Because of the wide diversity of benchmarks, IOSCO also is asking for public comment on a subset of more detailed principles for benchmarks having specific risks arising from their reliance on submissions and/or their ownership structure.

The principles form part of IOSCO´s efforts to enhance the integrity, the reliability and the oversight of benchmarks by establishing guidelines for benchmark administrators and other relevant bodies on governance, benchmark quality, quality of the methodology, and accountability mechanisms.

The IOSCO Board created a Task Force in September 2012 to develop these principles in light of investigations and enforcement actions regarding attempted manipulation of major interest rate benchmarks. Those investigations and enforcement actions raised concerns over the fragility of certain benchmarks, caused by vulnerabilities in their methodology, transparency and governance arrangements.

The Board-level Task Force is chaired by Martin Wheatley, the chief executive of the UK Financial Conduct Authority (UK FCA), and Gary Gensler, the chairman of the US Commodity Futures Trading Commission (CFTC).

Mr Wheatley said: “The Principles proposed today extend the existing work conducted on Libor and other reference rates to a wider set of benchmarks. This is a key step in strengthening confidence and integrity of financial markets. I am pleased that IOSCO has been at the forefront of developing robust, international standards to improve the governance, transparency and quality of benchmarks.”

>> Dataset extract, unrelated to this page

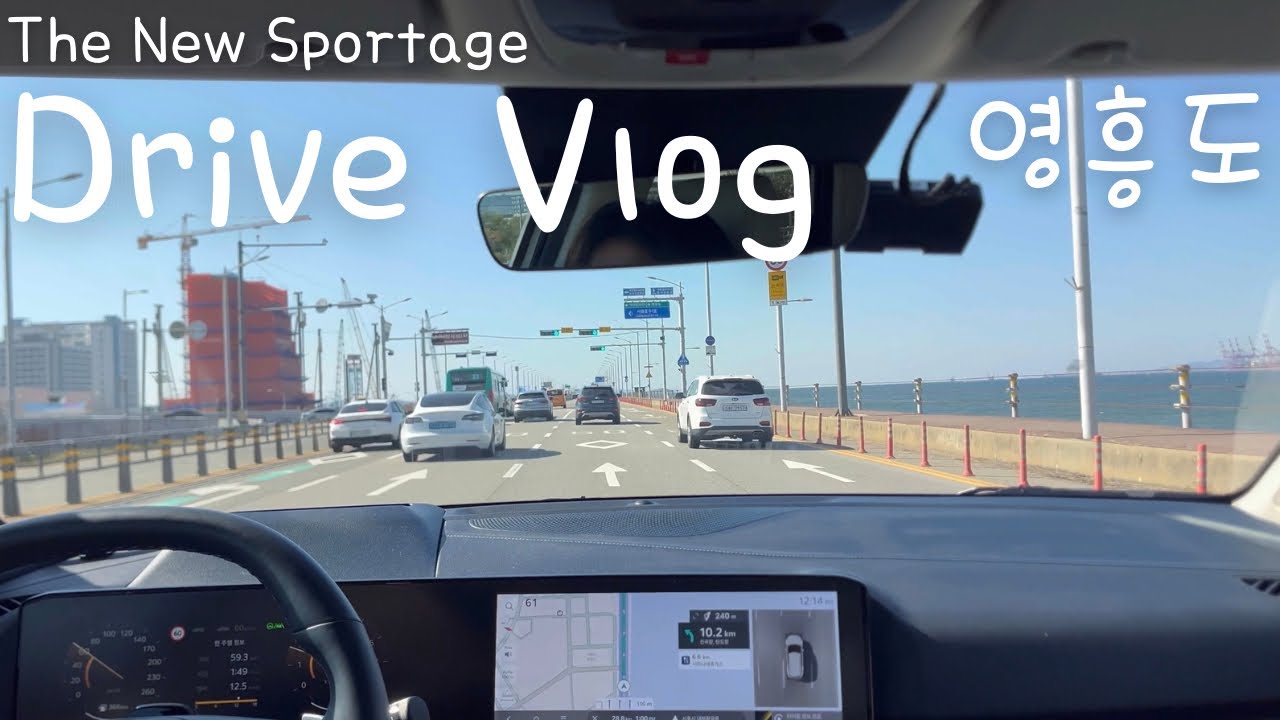 [vlog] 영흥도여행｜주행 브이로그｜ 일상 브이로그｜ 더뉴스포티지｜기아 KIA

Mr Gensler said: “To promote market integrity, it is critical that benchmark interest rates be anchored in observable transactions and supported by appropriate governance structures. Given what the world has learned about Libor, Euribor and similar rates, I am pleased that the IOSCO proposed principles include both of these essential elements. I want to thank the IOSCO members and my co-chair Martin Wheatley for all of their dedication and efforts in developing these principles.”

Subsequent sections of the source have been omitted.